Die Stimmung der heimischen Arbeitnehmer ist im Keller. Der Arbeitsklima-Index ist auf das niedrigste Niveau seit zwölf Jahren gefallen. Tristesse stellt sich vor allem bei Hochschulabsolventen ein.
Wien. Die Arbeitslosenquote liegt in Österreich derzeit bei 9,4 Prozent - und damit auf dem höchsten Niveau seit dem Ende des Zweiten Weltkriegs. Diejenigen, die einen Job haben, müssten also ziemlich froh darüber sein.

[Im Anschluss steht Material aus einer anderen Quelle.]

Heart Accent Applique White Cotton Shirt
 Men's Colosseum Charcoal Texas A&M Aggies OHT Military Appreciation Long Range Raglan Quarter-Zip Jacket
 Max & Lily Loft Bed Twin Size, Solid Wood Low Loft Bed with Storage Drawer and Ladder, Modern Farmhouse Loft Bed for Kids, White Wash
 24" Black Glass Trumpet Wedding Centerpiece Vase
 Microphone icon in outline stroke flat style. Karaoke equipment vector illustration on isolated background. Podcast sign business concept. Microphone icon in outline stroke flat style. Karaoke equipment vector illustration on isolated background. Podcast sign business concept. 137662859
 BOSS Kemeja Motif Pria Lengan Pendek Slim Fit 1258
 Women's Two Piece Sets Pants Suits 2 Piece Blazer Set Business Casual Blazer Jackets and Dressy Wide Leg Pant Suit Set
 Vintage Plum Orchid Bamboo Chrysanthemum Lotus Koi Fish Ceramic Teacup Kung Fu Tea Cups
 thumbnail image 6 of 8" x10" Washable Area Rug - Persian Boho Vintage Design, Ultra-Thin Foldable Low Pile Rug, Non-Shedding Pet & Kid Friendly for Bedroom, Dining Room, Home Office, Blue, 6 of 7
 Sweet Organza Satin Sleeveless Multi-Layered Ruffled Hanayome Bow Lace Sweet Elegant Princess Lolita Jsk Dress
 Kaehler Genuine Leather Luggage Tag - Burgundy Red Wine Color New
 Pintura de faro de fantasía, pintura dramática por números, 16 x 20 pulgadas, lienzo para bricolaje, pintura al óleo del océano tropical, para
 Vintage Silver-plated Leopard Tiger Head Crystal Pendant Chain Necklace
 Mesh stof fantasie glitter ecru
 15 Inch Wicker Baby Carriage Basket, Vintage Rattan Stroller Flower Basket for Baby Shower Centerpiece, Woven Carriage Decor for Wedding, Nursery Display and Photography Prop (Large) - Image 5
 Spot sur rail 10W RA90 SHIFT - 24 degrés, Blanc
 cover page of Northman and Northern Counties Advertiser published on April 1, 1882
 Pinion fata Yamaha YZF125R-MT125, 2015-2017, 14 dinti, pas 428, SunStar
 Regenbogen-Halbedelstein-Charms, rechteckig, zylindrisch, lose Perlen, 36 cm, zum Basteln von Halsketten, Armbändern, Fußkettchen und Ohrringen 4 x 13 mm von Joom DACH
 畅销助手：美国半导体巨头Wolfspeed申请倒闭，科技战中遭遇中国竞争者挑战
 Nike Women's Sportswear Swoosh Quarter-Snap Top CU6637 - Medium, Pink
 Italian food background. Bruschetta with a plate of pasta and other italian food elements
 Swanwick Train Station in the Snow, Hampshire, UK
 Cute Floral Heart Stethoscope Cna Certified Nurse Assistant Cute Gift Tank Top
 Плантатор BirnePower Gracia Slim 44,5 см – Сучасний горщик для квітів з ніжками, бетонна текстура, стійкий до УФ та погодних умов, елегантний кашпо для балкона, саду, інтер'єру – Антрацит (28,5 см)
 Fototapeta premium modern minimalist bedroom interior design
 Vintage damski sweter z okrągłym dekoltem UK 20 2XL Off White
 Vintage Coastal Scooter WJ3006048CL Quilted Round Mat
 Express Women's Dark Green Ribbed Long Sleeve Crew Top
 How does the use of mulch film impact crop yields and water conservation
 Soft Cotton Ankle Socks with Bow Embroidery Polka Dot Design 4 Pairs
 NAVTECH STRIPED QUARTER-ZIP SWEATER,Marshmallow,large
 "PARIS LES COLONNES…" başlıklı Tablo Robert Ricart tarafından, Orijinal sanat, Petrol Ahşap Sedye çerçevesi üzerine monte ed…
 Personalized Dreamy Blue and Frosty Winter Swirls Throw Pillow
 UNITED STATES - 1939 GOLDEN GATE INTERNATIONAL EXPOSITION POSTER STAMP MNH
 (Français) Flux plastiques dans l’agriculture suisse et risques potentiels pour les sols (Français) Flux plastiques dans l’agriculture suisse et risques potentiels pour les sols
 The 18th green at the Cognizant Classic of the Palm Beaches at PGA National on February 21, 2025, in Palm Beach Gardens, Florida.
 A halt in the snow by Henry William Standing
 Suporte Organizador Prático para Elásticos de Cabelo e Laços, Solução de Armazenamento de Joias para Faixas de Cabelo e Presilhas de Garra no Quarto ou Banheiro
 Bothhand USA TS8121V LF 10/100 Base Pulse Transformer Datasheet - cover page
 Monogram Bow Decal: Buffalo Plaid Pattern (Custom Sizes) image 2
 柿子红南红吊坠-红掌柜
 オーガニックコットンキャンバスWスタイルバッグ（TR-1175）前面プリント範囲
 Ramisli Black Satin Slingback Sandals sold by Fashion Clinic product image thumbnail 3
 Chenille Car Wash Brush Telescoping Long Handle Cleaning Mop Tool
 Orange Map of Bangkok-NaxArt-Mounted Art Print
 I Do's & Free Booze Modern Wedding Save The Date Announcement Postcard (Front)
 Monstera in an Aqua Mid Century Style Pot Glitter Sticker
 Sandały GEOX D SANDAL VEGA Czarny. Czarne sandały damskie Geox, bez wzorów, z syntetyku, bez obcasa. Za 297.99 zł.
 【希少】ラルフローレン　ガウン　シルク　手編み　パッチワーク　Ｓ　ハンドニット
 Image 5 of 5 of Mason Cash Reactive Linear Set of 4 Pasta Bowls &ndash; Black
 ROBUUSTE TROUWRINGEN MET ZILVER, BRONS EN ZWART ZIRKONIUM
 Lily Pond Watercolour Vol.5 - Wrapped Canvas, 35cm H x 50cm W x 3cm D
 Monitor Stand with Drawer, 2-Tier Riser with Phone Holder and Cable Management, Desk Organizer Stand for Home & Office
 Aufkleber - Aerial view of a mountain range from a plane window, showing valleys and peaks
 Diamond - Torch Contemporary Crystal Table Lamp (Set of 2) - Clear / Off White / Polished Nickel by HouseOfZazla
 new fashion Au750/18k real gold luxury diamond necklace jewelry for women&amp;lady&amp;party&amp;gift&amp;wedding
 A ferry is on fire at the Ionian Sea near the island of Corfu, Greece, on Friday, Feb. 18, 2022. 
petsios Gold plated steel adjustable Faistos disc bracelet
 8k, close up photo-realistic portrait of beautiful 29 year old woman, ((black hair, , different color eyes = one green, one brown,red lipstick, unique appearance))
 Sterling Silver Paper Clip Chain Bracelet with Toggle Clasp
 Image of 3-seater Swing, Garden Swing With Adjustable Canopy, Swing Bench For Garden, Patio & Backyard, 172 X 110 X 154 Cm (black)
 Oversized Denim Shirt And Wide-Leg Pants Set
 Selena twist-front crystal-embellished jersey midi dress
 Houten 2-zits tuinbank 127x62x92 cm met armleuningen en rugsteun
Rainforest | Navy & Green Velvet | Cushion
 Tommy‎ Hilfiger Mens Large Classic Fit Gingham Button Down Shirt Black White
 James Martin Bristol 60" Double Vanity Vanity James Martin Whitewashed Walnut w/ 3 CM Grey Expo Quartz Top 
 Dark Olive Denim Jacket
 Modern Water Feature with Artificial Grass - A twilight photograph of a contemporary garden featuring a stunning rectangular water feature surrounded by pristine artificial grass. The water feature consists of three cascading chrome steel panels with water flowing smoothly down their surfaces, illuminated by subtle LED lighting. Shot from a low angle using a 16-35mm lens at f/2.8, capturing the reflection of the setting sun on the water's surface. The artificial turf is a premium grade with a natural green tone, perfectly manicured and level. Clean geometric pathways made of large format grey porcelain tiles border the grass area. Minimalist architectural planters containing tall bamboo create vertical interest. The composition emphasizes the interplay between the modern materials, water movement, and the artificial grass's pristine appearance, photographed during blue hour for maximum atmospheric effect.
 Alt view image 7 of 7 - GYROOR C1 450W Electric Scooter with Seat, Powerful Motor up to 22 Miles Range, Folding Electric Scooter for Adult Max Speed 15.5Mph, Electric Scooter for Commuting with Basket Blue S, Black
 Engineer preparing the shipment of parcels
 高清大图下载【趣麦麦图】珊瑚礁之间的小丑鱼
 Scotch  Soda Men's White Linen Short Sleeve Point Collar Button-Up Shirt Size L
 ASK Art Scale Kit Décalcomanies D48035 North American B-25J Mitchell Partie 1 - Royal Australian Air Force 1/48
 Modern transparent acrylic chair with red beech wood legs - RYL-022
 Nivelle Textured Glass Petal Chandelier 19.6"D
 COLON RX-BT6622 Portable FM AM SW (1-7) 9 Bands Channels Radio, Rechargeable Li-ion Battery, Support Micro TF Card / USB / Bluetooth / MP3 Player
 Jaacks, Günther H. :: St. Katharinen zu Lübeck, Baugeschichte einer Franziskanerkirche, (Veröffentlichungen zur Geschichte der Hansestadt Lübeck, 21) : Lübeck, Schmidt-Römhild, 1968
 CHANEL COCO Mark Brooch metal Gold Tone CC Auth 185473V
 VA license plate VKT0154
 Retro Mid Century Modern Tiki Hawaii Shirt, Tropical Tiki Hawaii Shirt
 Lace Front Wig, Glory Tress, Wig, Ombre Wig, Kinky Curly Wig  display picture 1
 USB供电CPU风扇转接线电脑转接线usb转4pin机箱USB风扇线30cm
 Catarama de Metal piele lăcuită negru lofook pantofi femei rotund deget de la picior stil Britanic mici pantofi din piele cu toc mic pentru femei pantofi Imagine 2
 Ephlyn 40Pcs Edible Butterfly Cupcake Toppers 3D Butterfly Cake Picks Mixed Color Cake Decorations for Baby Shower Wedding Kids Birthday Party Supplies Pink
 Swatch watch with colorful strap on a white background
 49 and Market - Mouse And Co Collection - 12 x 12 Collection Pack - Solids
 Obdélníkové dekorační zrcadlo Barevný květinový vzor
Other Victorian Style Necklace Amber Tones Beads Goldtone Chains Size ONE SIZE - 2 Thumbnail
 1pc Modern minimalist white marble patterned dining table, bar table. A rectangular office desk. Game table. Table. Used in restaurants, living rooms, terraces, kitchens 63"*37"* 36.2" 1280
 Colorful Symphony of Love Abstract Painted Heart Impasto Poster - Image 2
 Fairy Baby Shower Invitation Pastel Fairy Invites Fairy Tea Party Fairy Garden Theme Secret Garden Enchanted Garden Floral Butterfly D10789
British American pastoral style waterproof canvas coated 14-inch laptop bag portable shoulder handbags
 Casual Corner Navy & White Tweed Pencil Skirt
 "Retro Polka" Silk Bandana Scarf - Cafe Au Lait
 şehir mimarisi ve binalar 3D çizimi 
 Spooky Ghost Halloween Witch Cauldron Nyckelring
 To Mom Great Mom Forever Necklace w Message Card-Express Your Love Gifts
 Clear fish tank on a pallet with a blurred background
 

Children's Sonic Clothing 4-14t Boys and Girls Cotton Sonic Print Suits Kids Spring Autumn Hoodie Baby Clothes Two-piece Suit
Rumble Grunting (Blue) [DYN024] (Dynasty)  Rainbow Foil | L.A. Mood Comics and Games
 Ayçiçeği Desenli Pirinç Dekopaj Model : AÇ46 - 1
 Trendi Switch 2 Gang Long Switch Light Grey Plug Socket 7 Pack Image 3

Doch das Gegenteil ist der Fall. Die Zufriedenheit der österreichischen Arbeitnehmer hat einen neuen Tiefpunkt erreicht. Der sogenannte Arbeitsklima-Index ist auf das niedrigste Niveau seit zwölf Jahren gefallen. Der Index wird von den Instituten Ifes und Sora für die Arbeiterkammer Oberösterreich berechnet.
Schuld an der Lage sei der wachsende Pessimismus, wie es heißt. Die Beschäftigten haben zunehmend Zweifel an der wirtschaftlichen Entwicklung, der Lage auf dem Arbeitsmarkt und den eigenen Zukunftsperspektiven. Hinzu kommt noch die Belastung durch die geforderte Flexibilität.
Nur in den Jahren 2004 und 1999 war die Unzufriedenheit der Arbeitnehmer schon einmal so groß – 1998 war sie allerdings noch größer. Der Index selbst wird seit 19 Jahren ermittelt.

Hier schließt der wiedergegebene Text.